Os signatários do referido abaixo-assinado, com figuras de proa da direita conservadora e da extrema direita pretende apelar aos pais que utiizem a objecção de consciência, prevista na nossa constituição, para boicotarem a disciplina escolar de Cidadania e Desenvolvimento porque esta cadeira contém conteúdos como trabalho e economia, direitos humanos,igualdade de género (ui), sexualidade e outras matérias sobre as quais todos os cidadãos devem ter informação básica.

Ora, nós vivemos numa República laica e constituida por cidadãos com direitos iguais e oportunidades.A escola, pública ou privada, forma pessoas para poderem exercer uma profissão em dignidade e cidadãos com direitos e deveres.Não podemos abdicar de uma cadeira que transmite conhecimentos básicos sobre setas questões.Podemos debater e até discordar dos conteúdos ou de alguns conteúdos dessa cadeira.Podemos em casa falar de outros assuntos e até de outras propostas com os nossos filhos,mas não podemos objectar uma cadeira de cidadania.

Em Portugal qualquer aluno, português ou imigrante,cigano, preto, indiano, branco ou betinho deve fazer a cadeira de Cidadania e Desenvolivimento.

Direita conservadora quer marcar a agenda política

Mas, o mais importante é saber que a direita conservadora está a trabalhar para marcar a agenda política e ideológica.É nos jornais e televisões que melhor se nota esta estratégia de combate ao que eles consideram uma ideologia progressita de «igualitarismo,de género,do politicamente correcto, de dissolução dos valores tradicionais como autoridade e pátria.Um combate que junta a velha extrema direita com os sectores mais modernos e conservadores da direita empresarial e intelectual e que, a prazo, têm como  objectivo o assalto ao poder.

Infelizmente uma parte da esquerda consola-se com a governação e tira daí proveitos.Uma outra parte vive entrincheirada num forte e considera-se vítima de um ataque político e ideológico.Uma terceira parte vive ao deus dará, sem rumo e sem norte.

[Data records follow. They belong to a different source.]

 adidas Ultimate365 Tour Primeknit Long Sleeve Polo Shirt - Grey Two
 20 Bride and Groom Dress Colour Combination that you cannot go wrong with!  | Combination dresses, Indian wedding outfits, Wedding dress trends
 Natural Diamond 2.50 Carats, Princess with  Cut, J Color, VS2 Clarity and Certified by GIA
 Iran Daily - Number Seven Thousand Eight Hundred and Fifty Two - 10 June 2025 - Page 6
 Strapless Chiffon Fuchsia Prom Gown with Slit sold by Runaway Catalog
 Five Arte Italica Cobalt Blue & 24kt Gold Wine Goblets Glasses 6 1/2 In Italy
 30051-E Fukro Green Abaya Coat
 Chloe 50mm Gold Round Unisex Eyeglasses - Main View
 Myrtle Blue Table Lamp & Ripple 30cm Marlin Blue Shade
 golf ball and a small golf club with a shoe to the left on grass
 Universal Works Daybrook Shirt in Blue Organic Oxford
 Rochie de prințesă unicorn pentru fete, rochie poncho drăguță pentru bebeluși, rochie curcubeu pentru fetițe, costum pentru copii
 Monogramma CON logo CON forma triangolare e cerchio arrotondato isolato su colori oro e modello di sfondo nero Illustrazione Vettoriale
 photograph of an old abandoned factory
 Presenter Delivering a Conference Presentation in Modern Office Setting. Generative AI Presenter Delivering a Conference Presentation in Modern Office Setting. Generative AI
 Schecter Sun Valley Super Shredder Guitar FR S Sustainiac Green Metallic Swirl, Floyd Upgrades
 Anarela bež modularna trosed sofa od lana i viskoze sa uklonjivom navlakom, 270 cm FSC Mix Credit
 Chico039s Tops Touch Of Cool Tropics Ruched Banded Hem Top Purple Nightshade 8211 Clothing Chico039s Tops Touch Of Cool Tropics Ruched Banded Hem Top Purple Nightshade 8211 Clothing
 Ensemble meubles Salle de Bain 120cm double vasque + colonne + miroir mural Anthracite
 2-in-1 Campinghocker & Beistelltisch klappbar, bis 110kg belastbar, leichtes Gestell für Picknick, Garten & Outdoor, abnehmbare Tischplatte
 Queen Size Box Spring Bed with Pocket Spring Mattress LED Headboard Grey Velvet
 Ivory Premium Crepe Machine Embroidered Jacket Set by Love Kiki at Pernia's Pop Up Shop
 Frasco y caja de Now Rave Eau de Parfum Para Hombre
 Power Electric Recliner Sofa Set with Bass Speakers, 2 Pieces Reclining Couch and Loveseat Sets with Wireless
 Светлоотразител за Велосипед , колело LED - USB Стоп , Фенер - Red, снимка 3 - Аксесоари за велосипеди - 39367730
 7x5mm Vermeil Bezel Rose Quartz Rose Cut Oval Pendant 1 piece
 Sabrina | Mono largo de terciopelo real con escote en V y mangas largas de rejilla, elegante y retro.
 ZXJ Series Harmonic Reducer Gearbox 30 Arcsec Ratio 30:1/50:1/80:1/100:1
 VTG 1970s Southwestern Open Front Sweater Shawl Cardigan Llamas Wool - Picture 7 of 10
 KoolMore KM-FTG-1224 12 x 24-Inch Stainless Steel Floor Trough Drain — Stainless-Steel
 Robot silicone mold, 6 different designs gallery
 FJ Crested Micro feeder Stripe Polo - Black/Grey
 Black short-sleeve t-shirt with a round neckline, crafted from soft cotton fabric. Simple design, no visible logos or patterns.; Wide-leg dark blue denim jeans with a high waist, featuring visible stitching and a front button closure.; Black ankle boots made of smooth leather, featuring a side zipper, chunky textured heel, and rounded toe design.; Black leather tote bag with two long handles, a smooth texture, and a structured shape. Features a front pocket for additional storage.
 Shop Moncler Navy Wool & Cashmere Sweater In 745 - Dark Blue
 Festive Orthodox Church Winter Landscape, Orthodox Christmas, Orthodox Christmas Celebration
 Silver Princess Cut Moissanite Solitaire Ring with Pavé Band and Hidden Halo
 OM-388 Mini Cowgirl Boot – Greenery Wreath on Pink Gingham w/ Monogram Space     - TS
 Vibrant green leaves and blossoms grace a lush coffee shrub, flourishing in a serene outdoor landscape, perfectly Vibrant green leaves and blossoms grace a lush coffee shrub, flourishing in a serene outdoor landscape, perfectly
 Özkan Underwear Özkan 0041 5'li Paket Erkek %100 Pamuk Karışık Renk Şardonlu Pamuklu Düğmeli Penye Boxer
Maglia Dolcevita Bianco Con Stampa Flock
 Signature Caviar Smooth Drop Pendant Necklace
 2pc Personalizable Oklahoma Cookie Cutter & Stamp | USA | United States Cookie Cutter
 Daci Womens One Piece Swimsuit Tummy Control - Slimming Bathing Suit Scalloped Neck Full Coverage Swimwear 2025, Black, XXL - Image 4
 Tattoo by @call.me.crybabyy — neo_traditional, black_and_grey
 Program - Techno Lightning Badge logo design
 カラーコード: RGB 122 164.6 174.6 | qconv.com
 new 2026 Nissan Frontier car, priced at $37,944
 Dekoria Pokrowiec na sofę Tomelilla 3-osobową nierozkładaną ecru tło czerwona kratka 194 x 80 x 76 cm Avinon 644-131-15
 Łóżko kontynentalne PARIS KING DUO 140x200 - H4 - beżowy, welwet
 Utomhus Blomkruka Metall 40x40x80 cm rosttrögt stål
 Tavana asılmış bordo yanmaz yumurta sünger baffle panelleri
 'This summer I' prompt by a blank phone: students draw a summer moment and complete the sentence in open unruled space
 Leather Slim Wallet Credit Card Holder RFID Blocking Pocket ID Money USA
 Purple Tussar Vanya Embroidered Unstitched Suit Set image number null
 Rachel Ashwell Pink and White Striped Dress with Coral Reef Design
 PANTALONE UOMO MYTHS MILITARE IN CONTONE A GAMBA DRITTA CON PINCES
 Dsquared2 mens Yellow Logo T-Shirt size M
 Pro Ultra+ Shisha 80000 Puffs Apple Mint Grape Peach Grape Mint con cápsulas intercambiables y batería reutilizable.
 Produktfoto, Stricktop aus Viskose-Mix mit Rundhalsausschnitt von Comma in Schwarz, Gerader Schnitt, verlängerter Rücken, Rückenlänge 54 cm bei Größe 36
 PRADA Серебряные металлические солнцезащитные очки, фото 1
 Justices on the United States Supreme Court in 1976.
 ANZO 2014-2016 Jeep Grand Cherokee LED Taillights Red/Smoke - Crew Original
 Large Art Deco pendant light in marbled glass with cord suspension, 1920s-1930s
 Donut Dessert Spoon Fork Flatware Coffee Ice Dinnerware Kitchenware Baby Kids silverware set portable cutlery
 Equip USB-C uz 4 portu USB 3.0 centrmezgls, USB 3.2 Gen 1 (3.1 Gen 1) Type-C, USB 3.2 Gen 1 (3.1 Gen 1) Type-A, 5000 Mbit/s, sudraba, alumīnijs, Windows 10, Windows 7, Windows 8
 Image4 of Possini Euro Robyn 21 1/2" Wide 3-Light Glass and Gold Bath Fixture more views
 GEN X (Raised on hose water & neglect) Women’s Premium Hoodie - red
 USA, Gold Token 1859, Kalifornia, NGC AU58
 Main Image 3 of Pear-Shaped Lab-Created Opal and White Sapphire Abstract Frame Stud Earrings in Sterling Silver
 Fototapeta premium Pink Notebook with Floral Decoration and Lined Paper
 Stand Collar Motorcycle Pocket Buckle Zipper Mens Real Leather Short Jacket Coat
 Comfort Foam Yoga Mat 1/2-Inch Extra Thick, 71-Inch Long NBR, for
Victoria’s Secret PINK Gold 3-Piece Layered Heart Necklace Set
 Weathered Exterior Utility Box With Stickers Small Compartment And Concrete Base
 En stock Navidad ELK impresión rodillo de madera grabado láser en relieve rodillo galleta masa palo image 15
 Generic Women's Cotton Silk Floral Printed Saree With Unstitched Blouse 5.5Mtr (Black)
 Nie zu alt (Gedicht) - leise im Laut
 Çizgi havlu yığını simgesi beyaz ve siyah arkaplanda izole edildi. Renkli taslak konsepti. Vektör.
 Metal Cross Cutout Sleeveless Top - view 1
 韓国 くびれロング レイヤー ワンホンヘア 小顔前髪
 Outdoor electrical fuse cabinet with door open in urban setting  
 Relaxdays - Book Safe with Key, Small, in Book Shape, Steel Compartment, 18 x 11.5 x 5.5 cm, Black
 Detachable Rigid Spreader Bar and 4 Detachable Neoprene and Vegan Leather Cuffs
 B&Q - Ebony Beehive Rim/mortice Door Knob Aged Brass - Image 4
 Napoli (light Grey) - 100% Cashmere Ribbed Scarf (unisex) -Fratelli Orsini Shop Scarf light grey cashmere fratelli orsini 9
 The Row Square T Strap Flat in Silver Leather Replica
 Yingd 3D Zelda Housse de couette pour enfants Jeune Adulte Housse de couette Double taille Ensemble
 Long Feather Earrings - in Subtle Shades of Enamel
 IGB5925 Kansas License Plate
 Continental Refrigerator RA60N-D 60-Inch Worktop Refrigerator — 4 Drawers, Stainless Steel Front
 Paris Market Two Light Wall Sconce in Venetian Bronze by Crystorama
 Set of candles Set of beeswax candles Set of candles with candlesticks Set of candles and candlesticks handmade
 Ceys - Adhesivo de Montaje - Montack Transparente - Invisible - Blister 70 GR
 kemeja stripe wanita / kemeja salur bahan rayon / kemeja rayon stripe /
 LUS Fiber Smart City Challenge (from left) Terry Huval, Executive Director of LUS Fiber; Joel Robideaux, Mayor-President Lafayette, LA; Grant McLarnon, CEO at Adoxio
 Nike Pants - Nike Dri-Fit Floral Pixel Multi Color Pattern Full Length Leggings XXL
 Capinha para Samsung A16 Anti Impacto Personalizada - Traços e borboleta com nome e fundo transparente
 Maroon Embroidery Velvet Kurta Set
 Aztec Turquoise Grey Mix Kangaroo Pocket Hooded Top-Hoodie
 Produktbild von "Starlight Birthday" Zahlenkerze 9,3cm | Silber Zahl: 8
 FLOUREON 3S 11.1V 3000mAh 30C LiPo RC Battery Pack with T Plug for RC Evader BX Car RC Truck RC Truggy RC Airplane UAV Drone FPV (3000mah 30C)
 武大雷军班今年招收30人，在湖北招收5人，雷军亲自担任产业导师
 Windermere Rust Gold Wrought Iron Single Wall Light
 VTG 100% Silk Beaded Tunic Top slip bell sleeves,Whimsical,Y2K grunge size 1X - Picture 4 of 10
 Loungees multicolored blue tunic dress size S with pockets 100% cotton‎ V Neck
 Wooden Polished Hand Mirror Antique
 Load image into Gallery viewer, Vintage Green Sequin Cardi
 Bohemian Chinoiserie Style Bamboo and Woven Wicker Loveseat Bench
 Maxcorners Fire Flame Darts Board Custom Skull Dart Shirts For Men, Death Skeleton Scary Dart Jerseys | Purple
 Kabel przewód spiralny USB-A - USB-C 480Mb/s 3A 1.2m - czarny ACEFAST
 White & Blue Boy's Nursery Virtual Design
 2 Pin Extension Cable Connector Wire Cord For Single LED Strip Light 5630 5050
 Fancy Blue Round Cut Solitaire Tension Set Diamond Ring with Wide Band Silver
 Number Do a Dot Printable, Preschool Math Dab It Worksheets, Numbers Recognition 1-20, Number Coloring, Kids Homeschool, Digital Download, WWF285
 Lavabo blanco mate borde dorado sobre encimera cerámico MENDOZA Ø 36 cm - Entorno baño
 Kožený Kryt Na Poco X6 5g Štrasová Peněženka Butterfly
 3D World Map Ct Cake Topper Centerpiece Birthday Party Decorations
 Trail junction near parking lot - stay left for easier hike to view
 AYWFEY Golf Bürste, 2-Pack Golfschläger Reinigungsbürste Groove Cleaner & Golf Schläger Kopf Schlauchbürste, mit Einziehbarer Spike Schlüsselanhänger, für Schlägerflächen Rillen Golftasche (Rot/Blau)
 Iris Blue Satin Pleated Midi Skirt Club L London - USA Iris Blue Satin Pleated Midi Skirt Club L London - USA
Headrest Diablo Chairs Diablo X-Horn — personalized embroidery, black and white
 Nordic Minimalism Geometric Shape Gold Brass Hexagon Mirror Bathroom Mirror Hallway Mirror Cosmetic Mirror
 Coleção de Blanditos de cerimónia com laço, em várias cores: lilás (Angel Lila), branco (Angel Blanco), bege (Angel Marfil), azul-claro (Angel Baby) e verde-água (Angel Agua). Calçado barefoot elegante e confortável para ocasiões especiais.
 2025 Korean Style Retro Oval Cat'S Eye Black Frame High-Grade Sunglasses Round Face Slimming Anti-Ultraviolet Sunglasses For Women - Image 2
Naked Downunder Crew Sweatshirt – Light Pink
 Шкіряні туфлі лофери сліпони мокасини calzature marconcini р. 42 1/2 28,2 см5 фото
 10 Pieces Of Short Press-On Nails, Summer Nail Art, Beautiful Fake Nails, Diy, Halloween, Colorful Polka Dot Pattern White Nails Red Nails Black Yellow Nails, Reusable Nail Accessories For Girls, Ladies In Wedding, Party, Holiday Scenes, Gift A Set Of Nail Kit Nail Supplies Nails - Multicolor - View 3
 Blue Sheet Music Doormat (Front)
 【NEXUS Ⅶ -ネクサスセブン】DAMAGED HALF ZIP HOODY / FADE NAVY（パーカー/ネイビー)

Ora , a melhor defesa é o ataque.É tempo de se colocarem outros temas na praça pública como o rendimento básico e universal, o aumento do salário mínimo nacional, o estabelecimento de critérios para um salário mínimo europeu, o reforço do poder  sindical e participação nos lucros dos trabalhadores nas empresas, o teletrabalho devidamente regulado e compensado,os apoios á digitalização e formação dos trabalhadores, o direito de todos a um médico de família, a saúde no trabalho, a melhoria da proteção dos desempregados, a situação nos lares de idosos.Será que a esquerda, nomeadamente o governo minoritário do PS, ficou sem ideias para além das eleições indirectas para as regiões, o orçamento do estado, os fundos europeus?

Finalmente uma palavra para lamentar que altos dirigentes da Igreja Católica em Portugal assinem um papel com este objectivo.Ou não viram bem o problema ou foram enganados.Este manifesto não vem na linha do Vaticano II, nem do Papa Francisco.Está na linha dos católicos que se opuseram à República e ainda não convivem bem com a escola pública, e com o direito universal á educação, um direito fundamental dos direitos humanos.

Mais grave ainda é que estes dignatários da Igreja Católica vão no carro político dos sectores mais conservadores da sociedade portuguesa.Não digam, porém,  que tal manifesto, com tal companhia, não é uma posição política!